Short descriptive text snippets:
***

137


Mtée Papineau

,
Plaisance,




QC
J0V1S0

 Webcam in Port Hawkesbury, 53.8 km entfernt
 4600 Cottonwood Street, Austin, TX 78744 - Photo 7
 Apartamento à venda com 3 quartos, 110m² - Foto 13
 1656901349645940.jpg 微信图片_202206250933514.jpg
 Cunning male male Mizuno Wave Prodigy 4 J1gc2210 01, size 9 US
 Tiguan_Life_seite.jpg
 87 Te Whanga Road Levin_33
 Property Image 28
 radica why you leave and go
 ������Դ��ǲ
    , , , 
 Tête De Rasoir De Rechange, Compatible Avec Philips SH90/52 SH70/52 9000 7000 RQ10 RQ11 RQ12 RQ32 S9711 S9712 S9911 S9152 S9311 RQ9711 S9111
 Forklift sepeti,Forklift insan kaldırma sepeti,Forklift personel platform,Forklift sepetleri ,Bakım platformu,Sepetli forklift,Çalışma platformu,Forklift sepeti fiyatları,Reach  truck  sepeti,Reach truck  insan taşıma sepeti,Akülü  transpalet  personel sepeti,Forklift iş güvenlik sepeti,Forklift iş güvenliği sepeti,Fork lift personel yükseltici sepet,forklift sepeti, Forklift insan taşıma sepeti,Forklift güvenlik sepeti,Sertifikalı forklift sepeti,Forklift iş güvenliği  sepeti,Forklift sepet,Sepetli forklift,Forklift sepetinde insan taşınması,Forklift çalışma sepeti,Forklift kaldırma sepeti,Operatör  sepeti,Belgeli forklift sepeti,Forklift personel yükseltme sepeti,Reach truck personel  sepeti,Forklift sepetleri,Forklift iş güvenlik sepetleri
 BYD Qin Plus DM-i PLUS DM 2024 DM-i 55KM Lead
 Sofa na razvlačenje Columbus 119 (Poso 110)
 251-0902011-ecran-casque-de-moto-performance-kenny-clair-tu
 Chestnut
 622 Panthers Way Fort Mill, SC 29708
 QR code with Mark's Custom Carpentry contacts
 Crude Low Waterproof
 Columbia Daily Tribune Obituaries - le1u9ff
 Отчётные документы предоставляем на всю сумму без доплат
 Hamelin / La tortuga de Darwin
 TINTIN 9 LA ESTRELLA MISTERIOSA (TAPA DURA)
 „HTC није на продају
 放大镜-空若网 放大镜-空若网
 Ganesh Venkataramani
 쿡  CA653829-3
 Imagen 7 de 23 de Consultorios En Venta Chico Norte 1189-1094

***

→ **DIRECTIONS**
Only the lines from the one with "radica why you leave and go" through the end of the data belong in the answer, each reproduced exactly.

→ **YOUR SOLUTION**
 radica why you leave and go
 ������Դ��ǲ
    , , , 
 Tête De Rasoir De Rechange, Compatible Avec Philips SH90/52 SH70/52 9000 7000 RQ10 RQ11 RQ12 RQ32 S9711 S9712 S9911 S9152 S9311 RQ9711 S9111
 Forklift sepeti,Forklift insan kaldırma sepeti,Forklift personel platform,Forklift sepetleri ,Bakım platformu,Sepetli forklift,Çalışma platformu,Forklift sepeti fiyatları,Reach  truck  sepeti,Reach truck  insan taşıma sepeti,Akülü  transpalet  personel sepeti,Forklift iş güvenlik sepeti,Forklift iş güvenliği sepeti,Fork lift personel yükseltici sepet,forklift sepeti, Forklift insan taşıma sepeti,Forklift güvenlik sepeti,Sertifikalı forklift sepeti,Forklift iş güvenliği  sepeti,Forklift sepet,Sepetli forklift,Forklift sepetinde insan taşınması,Forklift çalışma sepeti,Forklift kaldırma sepeti,Operatör  sepeti,Belgeli forklift sepeti,Forklift personel yükseltme sepeti,Reach truck personel  sepeti,Forklift sepetleri,Forklift iş güvenlik sepetleri
 BYD Qin Plus DM-i PLUS DM 2024 DM-i 55KM Lead
 Sofa na razvlačenje Columbus 119 (Poso 110)
 251-0902011-ecran-casque-de-moto-performance-kenny-clair-tu
 Chestnut
 622 Panthers Way Fort Mill, SC 29708
 QR code with Mark's Custom Carpentry contacts
 Crude Low Waterproof
 Columbia Daily Tribune Obituaries - le1u9ff
 Отчётные документы предоставляем на всю сумму без доплат
 Hamelin / La tortuga de Darwin
 TINTIN 9 LA ESTRELLA MISTERIOSA (TAPA DURA)
 „HTC није на продају
 放大镜-空若网 放大镜-空若网
 Ganesh Venkataramani
 쿡  CA653829-3
 Imagen 7 de 23 de Consultorios En Venta Chico Norte 1189-1094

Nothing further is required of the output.